Typhoon Melor tore through the Philippines last December, leaving 14,400 families with damaged or destroyed houses – houses that were no longer fit to live in. However, your support has helped us provide the vital tools needed to rebuild homes and repair communities.
One of those homes belonged to the Capangpangan family in the village of Binay. Robert and Jennibeth Capangpangan have eight children aged between four and 15. We recently returned to the Philippines to see how the family are recovering after the typhoon.
When the typhoon first passed over their village, the family sought shelter in their house made of coconut tree trunks covered in coconut leaves. Once the winds gained full strength, the house began to shake and the family had no choice but to flee to the nearby church.
The family’s possessions were lost; all that remained were a few floorboards
Under the strain of the typhoon, the house began to fall apart and the foundations collapsed. The family’s possessions were lost; all that remained were a few floorboards.
They not only lost their home and belongings, but their income too. Robert was a coconut farmer, but with the majority of coconut trees lost in the typhoon, his livelihood has gone.
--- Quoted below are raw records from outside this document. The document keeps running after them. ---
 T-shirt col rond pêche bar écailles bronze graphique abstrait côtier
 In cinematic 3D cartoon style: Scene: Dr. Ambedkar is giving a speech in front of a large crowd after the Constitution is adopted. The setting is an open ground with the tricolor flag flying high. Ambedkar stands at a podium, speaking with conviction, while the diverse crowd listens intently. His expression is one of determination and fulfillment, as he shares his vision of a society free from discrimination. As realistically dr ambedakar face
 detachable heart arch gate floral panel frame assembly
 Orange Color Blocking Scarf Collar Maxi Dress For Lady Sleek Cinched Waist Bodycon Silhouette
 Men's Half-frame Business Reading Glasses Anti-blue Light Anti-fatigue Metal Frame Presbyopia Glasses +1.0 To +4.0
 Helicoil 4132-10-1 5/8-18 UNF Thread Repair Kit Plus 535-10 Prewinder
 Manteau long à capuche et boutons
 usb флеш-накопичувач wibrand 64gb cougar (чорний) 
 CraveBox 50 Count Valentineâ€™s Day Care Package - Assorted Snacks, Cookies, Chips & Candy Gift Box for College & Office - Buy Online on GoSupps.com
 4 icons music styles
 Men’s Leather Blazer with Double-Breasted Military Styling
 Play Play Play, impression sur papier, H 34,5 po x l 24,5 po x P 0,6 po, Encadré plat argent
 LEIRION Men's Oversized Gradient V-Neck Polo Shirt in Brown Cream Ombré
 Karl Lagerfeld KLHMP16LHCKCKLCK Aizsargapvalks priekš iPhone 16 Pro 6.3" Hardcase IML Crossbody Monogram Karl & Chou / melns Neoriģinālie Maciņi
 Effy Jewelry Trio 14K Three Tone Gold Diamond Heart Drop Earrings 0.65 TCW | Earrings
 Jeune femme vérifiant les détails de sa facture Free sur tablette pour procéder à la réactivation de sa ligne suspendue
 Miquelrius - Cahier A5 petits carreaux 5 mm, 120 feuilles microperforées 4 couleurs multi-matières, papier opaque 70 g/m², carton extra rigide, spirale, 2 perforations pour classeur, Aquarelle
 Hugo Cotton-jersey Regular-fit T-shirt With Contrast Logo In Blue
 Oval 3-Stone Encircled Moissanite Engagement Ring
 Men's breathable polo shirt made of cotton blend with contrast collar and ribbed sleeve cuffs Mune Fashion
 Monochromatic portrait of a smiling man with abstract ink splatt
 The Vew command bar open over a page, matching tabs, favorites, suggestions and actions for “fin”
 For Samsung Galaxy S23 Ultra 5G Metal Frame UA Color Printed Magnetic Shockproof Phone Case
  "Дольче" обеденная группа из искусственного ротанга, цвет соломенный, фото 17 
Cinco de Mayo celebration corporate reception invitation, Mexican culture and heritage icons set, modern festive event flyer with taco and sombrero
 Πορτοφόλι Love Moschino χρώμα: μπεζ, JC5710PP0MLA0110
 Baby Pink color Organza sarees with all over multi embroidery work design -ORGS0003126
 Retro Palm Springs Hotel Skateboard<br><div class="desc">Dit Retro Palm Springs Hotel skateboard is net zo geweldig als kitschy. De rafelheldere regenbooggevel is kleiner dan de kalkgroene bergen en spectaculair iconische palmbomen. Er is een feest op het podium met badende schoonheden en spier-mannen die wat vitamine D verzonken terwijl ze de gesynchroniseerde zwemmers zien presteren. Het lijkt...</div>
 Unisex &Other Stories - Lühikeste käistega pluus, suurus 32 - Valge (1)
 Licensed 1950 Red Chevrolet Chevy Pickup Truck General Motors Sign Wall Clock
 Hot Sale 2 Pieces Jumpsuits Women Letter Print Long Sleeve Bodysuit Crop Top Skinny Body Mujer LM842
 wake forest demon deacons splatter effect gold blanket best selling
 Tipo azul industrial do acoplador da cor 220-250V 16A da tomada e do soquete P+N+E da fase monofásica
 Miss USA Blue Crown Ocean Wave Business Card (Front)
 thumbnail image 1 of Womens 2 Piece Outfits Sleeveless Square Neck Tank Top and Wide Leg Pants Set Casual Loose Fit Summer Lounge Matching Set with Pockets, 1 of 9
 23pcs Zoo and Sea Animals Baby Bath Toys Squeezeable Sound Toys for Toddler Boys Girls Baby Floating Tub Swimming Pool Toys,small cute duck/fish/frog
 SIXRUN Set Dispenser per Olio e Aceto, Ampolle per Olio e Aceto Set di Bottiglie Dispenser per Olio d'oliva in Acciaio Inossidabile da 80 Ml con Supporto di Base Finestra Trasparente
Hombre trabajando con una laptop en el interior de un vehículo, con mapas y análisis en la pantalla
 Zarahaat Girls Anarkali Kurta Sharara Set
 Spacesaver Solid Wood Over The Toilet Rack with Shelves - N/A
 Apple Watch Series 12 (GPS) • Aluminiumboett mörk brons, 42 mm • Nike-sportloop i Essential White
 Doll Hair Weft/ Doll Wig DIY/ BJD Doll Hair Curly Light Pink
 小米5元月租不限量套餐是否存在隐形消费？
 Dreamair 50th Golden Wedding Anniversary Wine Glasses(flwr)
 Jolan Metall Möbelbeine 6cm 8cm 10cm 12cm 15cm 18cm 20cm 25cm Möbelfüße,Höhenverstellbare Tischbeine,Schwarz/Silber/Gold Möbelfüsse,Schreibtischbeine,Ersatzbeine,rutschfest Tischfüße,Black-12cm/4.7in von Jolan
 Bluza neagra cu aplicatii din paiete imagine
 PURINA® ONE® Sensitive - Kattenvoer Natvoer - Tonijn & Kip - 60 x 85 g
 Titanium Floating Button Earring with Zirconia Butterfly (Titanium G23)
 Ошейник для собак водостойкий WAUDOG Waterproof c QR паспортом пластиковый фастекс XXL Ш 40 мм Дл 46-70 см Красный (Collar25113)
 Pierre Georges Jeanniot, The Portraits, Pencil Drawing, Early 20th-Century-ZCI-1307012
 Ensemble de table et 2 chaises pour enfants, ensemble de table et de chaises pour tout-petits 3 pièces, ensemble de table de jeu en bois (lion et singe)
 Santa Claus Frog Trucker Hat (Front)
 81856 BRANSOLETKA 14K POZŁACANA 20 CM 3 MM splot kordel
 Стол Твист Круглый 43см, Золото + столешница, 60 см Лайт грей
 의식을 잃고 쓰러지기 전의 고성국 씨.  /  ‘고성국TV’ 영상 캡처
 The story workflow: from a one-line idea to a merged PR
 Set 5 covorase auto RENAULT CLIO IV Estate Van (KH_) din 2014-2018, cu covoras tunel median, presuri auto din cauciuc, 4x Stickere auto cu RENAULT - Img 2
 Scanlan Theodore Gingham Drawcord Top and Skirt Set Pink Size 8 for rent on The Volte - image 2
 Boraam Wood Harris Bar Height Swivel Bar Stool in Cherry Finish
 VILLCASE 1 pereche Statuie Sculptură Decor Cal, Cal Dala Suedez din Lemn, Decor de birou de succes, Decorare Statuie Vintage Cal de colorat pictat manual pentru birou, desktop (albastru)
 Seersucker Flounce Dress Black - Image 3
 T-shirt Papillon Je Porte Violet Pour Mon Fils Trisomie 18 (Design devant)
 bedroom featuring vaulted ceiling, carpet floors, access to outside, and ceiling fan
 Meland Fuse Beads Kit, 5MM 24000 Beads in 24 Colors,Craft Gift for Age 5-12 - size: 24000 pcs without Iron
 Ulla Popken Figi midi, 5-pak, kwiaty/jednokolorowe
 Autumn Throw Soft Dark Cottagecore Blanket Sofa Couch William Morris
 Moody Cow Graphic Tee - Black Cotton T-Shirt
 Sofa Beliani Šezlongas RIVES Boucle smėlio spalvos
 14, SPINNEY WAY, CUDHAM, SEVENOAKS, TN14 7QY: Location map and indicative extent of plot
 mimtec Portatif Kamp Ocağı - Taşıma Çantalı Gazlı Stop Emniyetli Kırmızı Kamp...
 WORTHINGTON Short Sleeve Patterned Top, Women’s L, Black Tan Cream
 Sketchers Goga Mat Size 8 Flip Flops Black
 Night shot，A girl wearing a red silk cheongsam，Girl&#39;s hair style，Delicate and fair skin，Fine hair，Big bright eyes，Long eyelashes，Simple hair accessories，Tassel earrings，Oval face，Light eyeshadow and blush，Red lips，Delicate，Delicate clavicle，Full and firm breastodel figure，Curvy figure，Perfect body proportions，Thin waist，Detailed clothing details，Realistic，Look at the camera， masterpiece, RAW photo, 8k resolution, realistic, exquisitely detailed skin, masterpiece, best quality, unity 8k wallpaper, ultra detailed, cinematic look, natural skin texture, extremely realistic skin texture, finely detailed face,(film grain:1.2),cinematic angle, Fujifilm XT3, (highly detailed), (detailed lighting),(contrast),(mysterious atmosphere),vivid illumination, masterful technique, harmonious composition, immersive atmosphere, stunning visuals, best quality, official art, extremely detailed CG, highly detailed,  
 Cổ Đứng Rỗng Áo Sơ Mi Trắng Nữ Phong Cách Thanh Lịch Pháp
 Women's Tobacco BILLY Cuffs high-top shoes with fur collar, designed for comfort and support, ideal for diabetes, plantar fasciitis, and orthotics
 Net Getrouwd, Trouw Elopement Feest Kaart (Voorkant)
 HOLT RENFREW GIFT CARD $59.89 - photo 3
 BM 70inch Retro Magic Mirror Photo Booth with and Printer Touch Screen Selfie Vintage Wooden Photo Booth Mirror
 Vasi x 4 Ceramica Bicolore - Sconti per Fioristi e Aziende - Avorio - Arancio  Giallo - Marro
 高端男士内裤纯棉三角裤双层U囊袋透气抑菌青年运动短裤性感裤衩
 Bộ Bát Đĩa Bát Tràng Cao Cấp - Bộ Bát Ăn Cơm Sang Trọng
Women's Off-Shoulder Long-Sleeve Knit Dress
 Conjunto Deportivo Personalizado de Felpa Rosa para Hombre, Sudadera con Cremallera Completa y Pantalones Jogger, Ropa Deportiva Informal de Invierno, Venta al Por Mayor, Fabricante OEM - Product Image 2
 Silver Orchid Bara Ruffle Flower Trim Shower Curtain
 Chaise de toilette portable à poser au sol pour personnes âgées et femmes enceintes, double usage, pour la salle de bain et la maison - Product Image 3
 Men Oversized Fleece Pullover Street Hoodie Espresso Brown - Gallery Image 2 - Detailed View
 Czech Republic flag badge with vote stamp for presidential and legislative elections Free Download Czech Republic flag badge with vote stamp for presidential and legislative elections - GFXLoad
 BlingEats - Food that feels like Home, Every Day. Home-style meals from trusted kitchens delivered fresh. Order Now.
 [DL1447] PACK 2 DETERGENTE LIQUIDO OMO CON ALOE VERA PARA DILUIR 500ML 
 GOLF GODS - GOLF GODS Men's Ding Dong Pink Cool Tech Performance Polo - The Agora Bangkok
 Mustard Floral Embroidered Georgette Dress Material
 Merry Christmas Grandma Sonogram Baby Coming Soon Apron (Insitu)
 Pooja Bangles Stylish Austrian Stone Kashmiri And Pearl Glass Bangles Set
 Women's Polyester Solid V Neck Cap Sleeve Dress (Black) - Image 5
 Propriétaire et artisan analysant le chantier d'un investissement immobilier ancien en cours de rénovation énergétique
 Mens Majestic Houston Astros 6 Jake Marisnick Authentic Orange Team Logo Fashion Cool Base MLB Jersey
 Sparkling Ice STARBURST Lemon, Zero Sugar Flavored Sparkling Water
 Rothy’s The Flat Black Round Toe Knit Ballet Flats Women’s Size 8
As a result, his wife Jennibeth has had to leave the family to work in the capital Manila.
When the winds died down, the family returned to their home and Robert tried to construct some new walls out of coconut leaves and tarpaulins provided by the local authorities. The shelter held, but it didn’t feel safe and secure enough for the family.
However, at the start of January, Robert received a shelter kit from ShelterBox, containing corrugated iron sheeting and a range of hardwearing tools. The kit enabled the family to start rebuilding their home.
Rebuilding the family home helped us get our lives back to some sort of normality
Robert said: ‘The kit means everything to us. I’ve lost my livelihood and my income, so without this kit, I wouldn’t have been able to rebuild my family’s home.’
The materials in the kit meant that Robert could start rebuilding a stronger home that was more resilient than the previous house. They were able to reinforce the foundations and build a much sturdier roof.
Robert added: ‘Rebuilding the family home helped us get our lives back to some sort of normality. After the typhoon hit, the children were ill, but now we have a proper home again, they are well and back in school.‘
In total, your support has enabled us to distribute 900 ShelterKits to help people rebuild their homes again.